§ **Raw data**
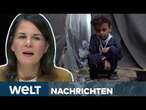 KRIEG IN GAZA: Heftige Häuserkämpfe in Chan Junis – Davor warnt Annalena Baerbock | WELT Stream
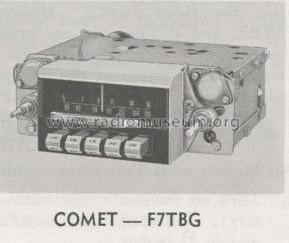 Fo-Mo-Co FM-AM All Transistor Radio F7TBG - Ford Comet; Bendix Radio (ID = 1764348) Car Radio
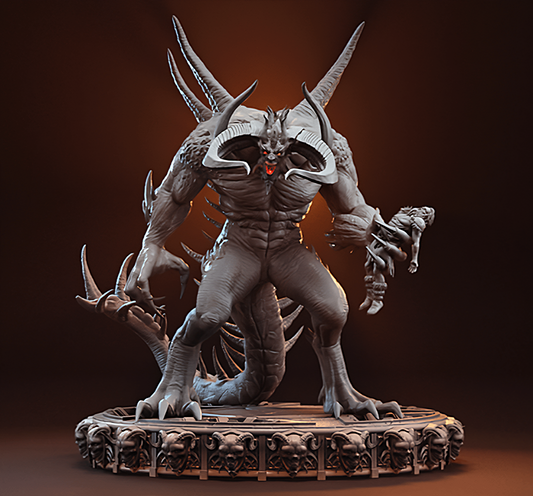Diablo Lord of Terror - STL 3D Print Files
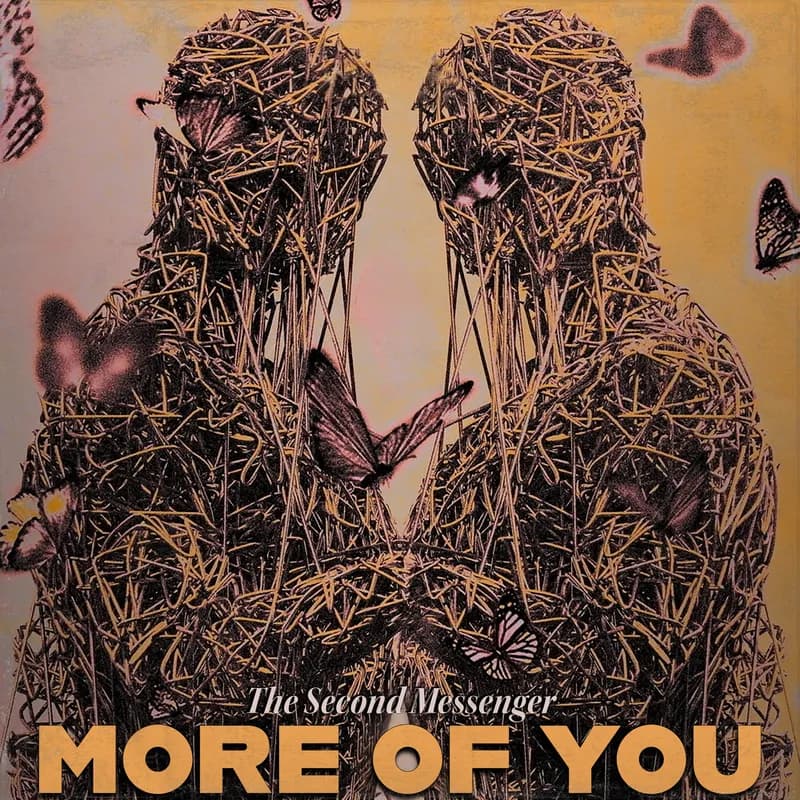 Covert Art for the song More of You by The Second Messenger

§ **Aim of the task**
Every line from the start of the material through the line holding "Diablo Lord of Terror - STL 3D Print Files" must be returned exactly, and the pictures must not.

§ **Reply to the exercise**
 KRIEG IN GAZA: Heftige Häuserkämpfe in Chan Junis – Davor warnt Annalena Baerbock | WELT Stream
 Fo-Mo-Co FM-AM All Transistor Radio F7TBG - Ford Comet; Bendix Radio (ID = 1764348) Car Radio
Diablo Lord of Terror - STL 3D Print Files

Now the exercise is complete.